How to complete this task — Check each line of the entries below for the string "artwork"; copy every line where it appears.
=== Begin Enclosure ===
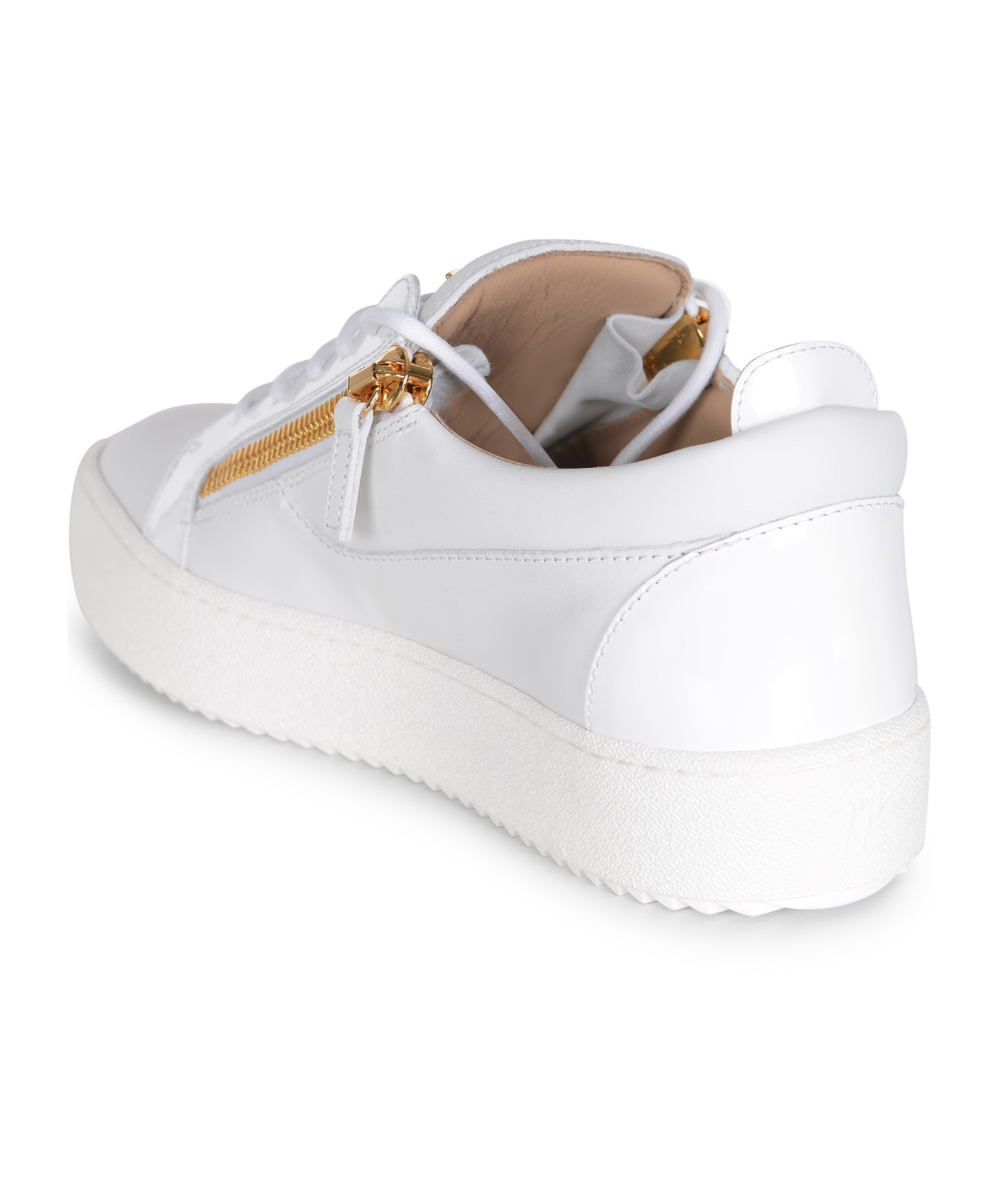 Giuseppe Zanotti Frankie Zip-fastening Lace-up Sneakers In White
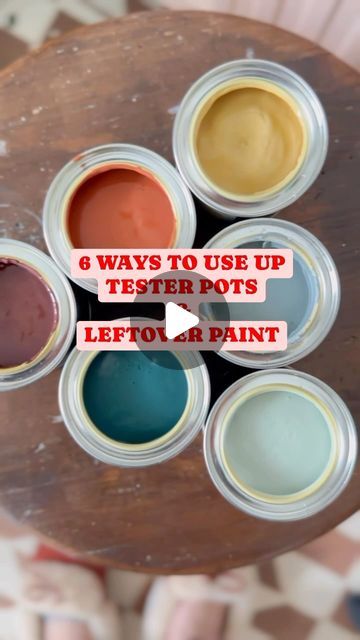 Hayley Stuart - DIY & INTERIORS on Instagram: "5 ways to use up tester pots and leftover paint. 
1. Amplify your artwork by painting the frames and/or mounts.
2. Try your hand at stencilling, it’s a great way to add detail to furniture or walls.
3. Make a feature out of your windows by adding an arch or handpainted detail. 
4. Paint your door edges for a pop of colour when they are open. 
5. Paint a mural behind your artwork to make it appear larger, add colour or pattern. 
6. Upcycle furniture to give it a new lease of life. 
Feeling inspired? Save this post to help use up your leftover paint! 
.
.
.
.
.
.
#paintprojects #samplepotproject #upcycling #upcycled #diy #diydecor #diyhome #diyinteriors #creativeinteriors #creativity #handpainting #handpainted #upcycledfurniture #colourfulhome #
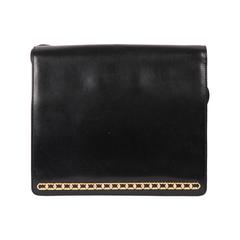 GUCCI Vintage Black Leather FLAP Box MESSENGER BAG 8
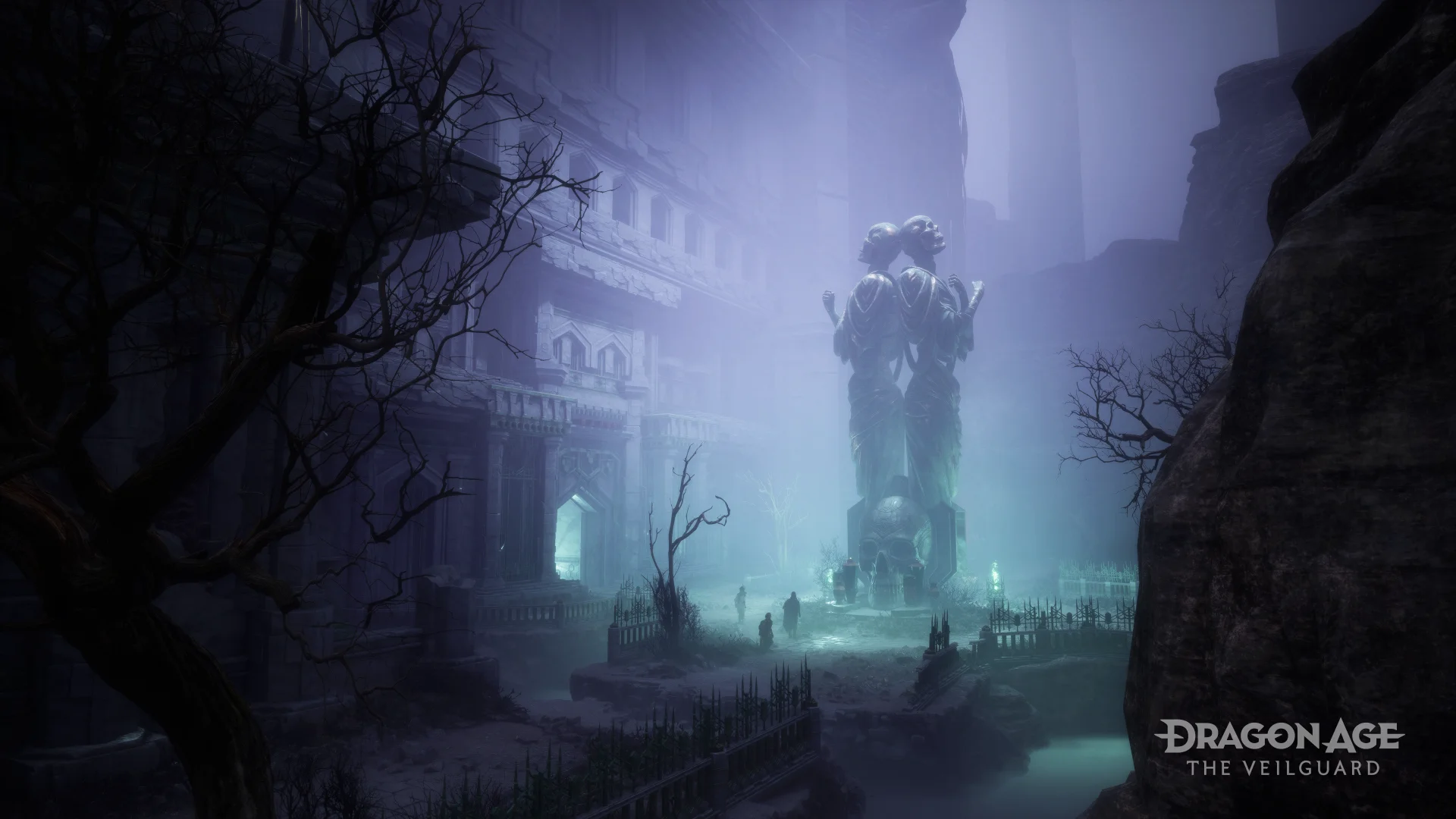 Dragon Age: The Veilguard Screenshot of an ominous graveyard accented by a giant statue of two back to back robed skeletons with crossed arms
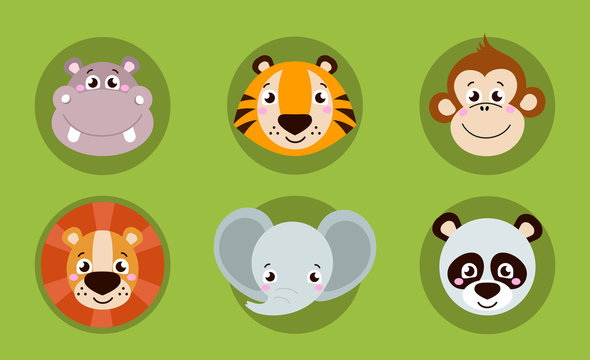 Big set head of animals icons. Vector collection funny face of animals. Cute face of animals: elephant, hippo, tiger, lion, panda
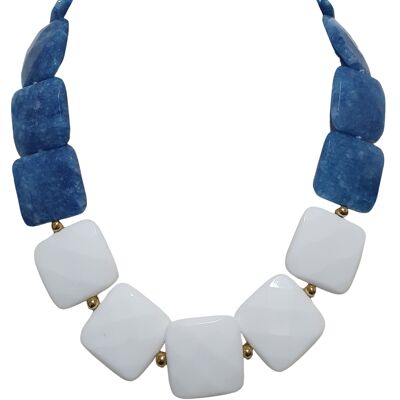 Weiß+blau gefärbte Achat-Halskette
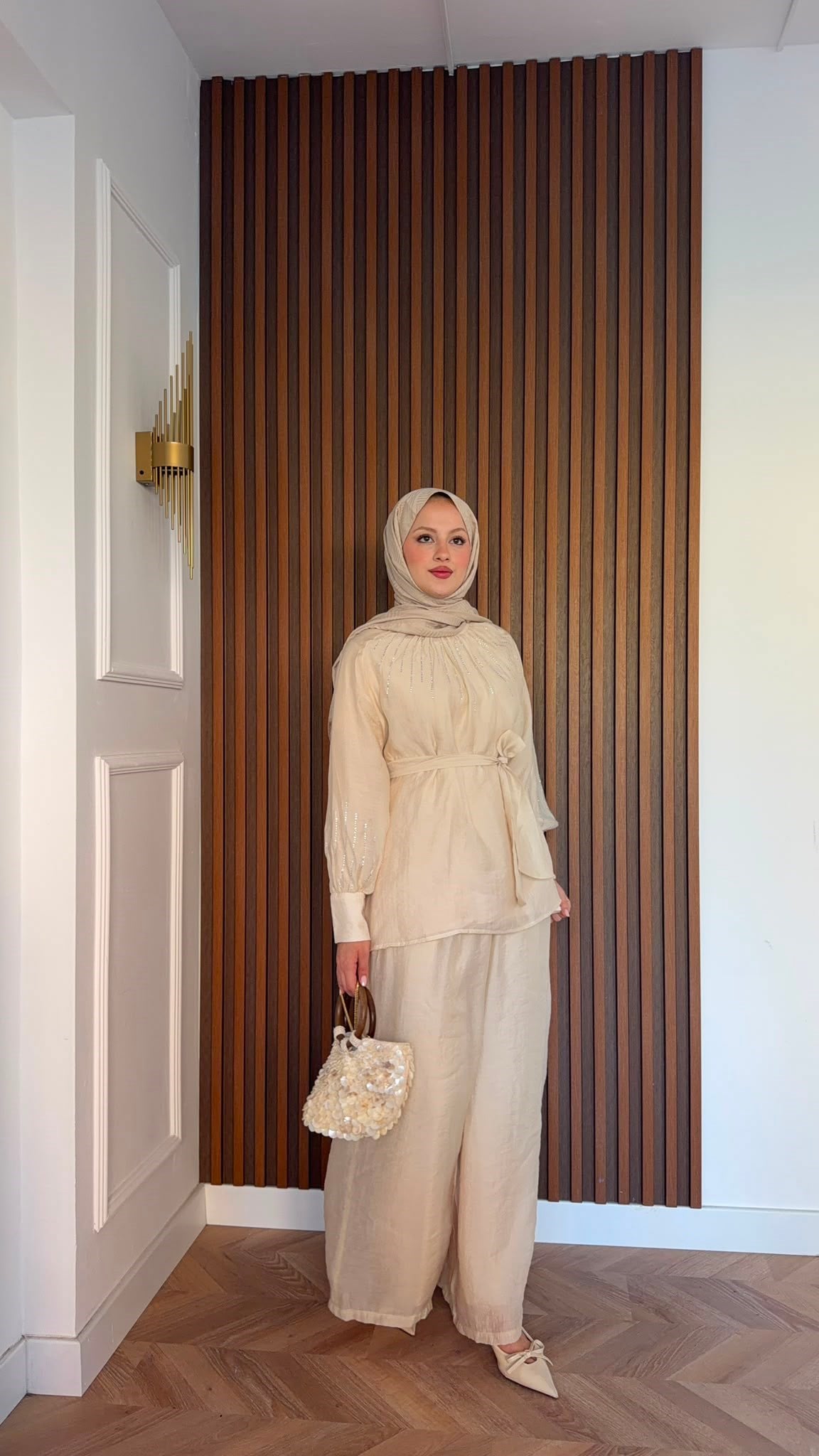 MEYSADESIGN PANTOLON TAKIM Silver Taşlı Tül Pantolonlu Takım Bej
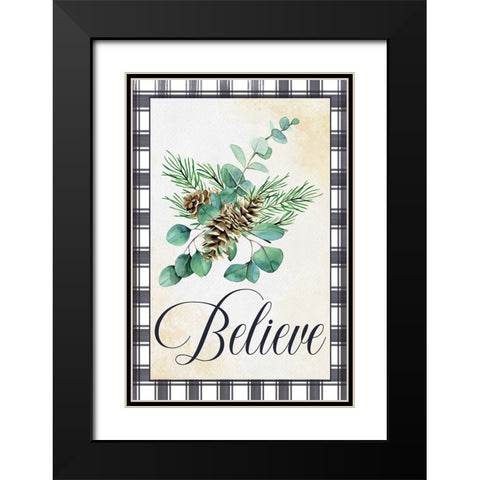 Believe Black Modern Wood Framed Art Print with Double Matting by ND Art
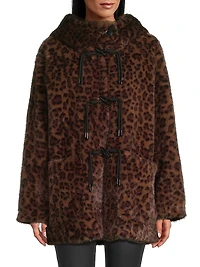 Daisy Leopard-Print Faux-Fur Coat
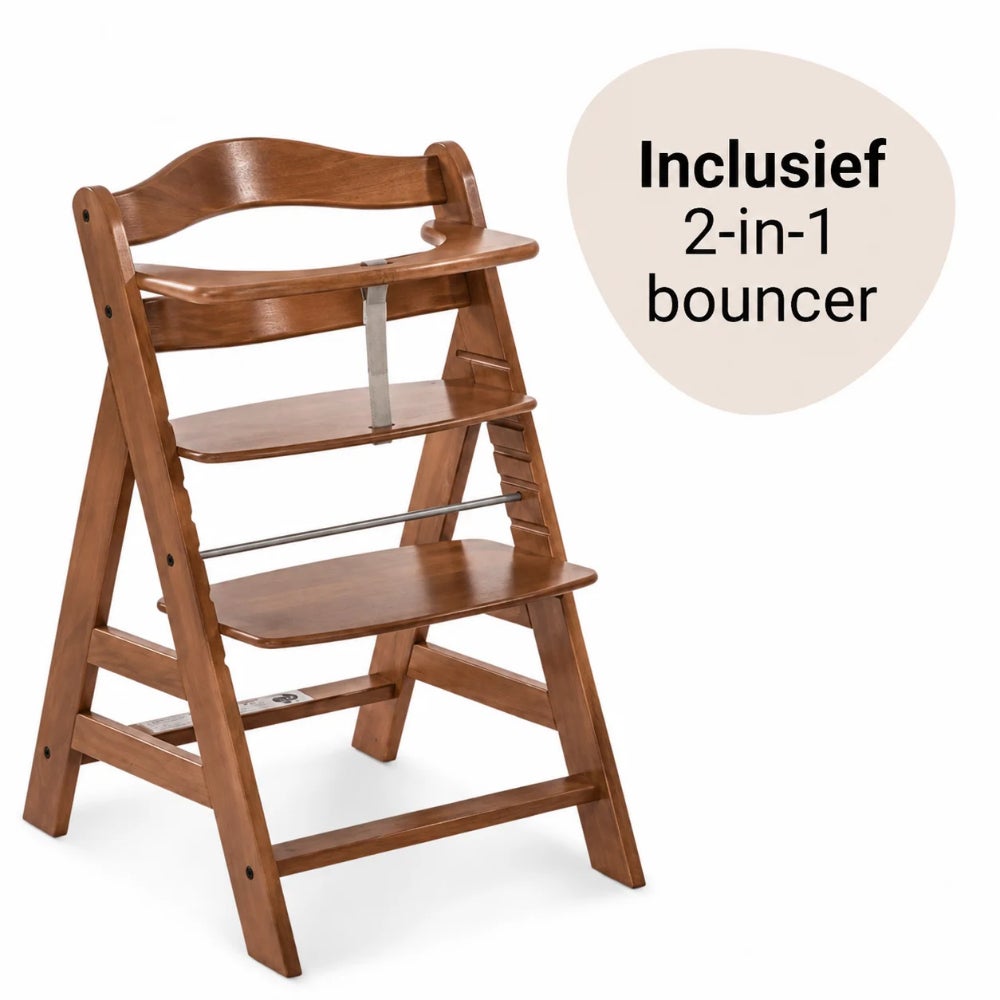 Kinderstoel Hauck Alpha+ B Walnut met 2-in-1 Bouncer null_1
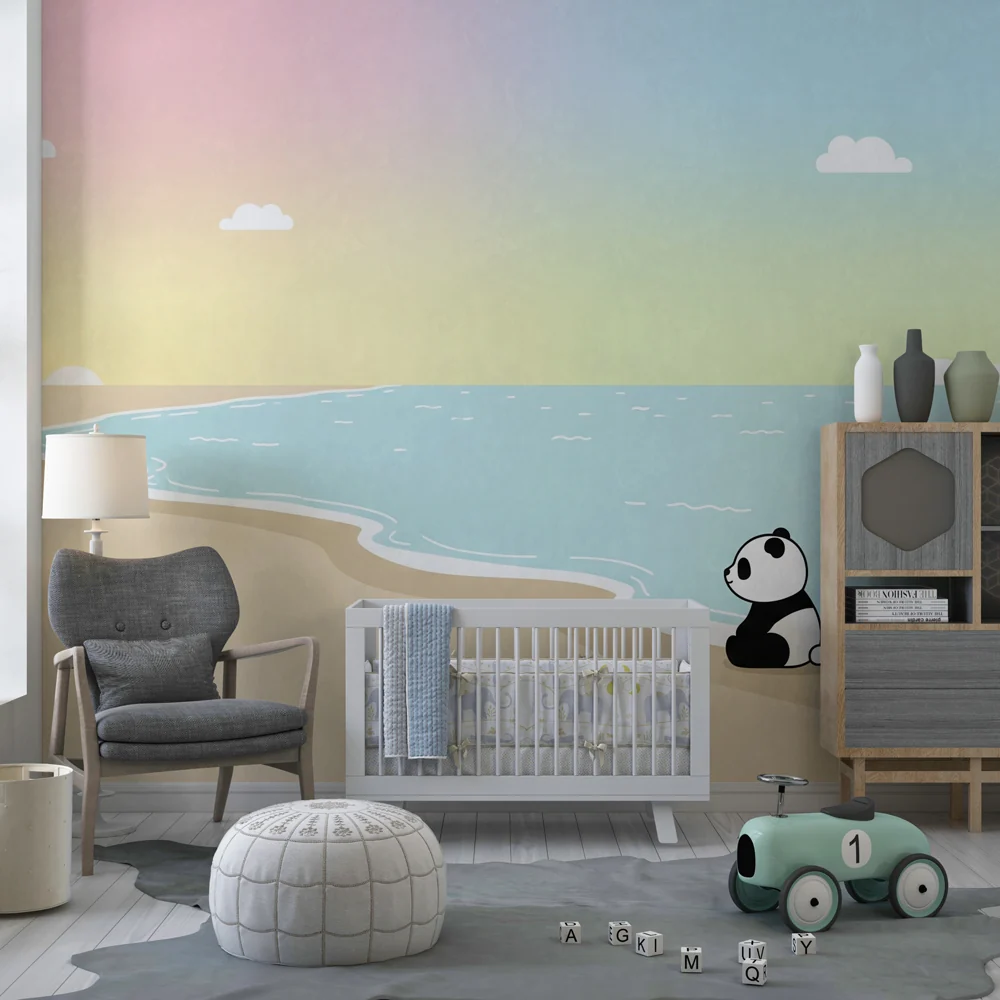Lastenhuoneen tapetti | Panda rannalla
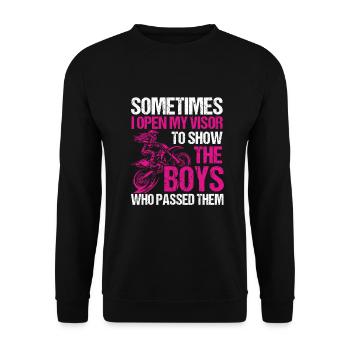 Dirt Bike Girl - Unisex Pullover - Schwarz - Vorne - Alina (178cm) & Michal (187cm)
=== End Enclosure ===
Exercise output —
1. Amplify your artwork by painting the frames and/or mounts.
5. Paint a mural behind your artwork to make it appear larger, add colour or pattern. 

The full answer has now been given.